Work to complete:
From the records below, extract only the lines running from the line with "Lottie Cluster Pearl Earrings" to the line with "Hintergrund Der Kampagne", both lines included, reproducing them exactly.

Data records:

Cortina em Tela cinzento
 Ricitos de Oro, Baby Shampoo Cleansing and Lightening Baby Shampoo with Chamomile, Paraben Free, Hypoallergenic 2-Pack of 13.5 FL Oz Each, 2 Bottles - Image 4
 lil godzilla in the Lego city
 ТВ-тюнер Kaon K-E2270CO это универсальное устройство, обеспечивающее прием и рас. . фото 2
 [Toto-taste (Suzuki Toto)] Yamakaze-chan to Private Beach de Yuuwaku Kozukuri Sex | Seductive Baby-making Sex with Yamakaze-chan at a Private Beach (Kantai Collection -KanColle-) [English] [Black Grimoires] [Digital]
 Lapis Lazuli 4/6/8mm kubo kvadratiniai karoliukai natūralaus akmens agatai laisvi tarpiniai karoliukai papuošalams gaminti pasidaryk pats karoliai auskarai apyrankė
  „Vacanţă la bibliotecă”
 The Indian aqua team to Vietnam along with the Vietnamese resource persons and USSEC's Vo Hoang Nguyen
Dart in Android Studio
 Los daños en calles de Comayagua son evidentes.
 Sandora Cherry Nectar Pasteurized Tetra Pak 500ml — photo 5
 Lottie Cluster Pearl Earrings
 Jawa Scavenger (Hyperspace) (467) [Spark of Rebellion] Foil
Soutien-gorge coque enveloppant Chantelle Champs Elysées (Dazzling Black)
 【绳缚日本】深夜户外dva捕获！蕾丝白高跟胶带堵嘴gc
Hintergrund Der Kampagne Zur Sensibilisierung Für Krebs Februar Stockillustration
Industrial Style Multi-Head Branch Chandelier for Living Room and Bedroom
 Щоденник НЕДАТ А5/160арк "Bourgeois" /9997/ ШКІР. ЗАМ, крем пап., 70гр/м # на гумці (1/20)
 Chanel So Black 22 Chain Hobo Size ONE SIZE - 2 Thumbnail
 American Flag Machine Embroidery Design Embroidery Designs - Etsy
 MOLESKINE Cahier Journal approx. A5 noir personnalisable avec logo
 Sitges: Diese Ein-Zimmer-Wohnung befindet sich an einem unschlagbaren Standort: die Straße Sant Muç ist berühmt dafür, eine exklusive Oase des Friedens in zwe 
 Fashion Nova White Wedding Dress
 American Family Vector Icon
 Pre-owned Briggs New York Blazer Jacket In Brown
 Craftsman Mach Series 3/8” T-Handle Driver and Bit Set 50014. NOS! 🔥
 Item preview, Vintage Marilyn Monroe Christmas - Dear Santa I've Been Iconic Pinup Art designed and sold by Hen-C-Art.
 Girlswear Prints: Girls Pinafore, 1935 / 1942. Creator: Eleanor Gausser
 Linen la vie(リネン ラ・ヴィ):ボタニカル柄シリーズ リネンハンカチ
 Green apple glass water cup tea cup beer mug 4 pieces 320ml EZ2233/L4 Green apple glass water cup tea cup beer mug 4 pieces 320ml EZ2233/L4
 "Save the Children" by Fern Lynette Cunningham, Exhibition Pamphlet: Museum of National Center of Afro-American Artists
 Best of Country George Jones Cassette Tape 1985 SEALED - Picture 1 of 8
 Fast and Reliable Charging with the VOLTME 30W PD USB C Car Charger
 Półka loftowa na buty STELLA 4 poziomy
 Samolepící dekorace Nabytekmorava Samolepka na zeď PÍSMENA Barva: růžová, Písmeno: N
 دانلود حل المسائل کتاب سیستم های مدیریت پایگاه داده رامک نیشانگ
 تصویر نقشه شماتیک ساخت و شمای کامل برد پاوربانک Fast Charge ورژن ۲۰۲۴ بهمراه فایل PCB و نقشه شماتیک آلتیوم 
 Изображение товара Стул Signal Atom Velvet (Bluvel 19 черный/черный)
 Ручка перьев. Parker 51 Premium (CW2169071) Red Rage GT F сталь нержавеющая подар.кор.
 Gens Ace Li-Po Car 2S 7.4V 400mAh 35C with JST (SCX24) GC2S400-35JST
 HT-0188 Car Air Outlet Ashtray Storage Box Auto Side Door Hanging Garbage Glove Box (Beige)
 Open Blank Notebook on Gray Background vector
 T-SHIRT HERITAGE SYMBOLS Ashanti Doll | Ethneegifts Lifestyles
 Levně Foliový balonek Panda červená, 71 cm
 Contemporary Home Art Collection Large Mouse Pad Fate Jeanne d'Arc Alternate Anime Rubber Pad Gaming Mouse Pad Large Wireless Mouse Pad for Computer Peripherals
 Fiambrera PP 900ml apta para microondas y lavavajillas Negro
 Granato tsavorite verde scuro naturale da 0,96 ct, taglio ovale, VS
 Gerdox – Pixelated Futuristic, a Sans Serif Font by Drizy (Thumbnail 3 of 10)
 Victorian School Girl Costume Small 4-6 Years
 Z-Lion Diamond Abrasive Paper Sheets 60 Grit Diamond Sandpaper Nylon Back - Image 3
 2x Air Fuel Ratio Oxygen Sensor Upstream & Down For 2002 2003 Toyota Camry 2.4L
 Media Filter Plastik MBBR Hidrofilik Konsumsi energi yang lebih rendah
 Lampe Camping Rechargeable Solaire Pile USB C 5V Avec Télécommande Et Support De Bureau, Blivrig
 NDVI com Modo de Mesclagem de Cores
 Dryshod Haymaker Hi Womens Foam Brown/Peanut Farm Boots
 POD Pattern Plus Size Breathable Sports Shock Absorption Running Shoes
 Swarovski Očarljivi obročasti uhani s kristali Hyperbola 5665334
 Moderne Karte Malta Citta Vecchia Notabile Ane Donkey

Exercise result:
 Lottie Cluster Pearl Earrings
 Jawa Scavenger (Hyperspace) (467) [Spark of Rebellion] Foil
Soutien-gorge coque enveloppant Chantelle Champs Elysées (Dazzling Black)
 【绳缚日本】深夜户外dva捕获！蕾丝白高跟胶带堵嘴gc
Hintergrund Der Kampagne Zur Sensibilisierung Für Krebs Februar Stockillustration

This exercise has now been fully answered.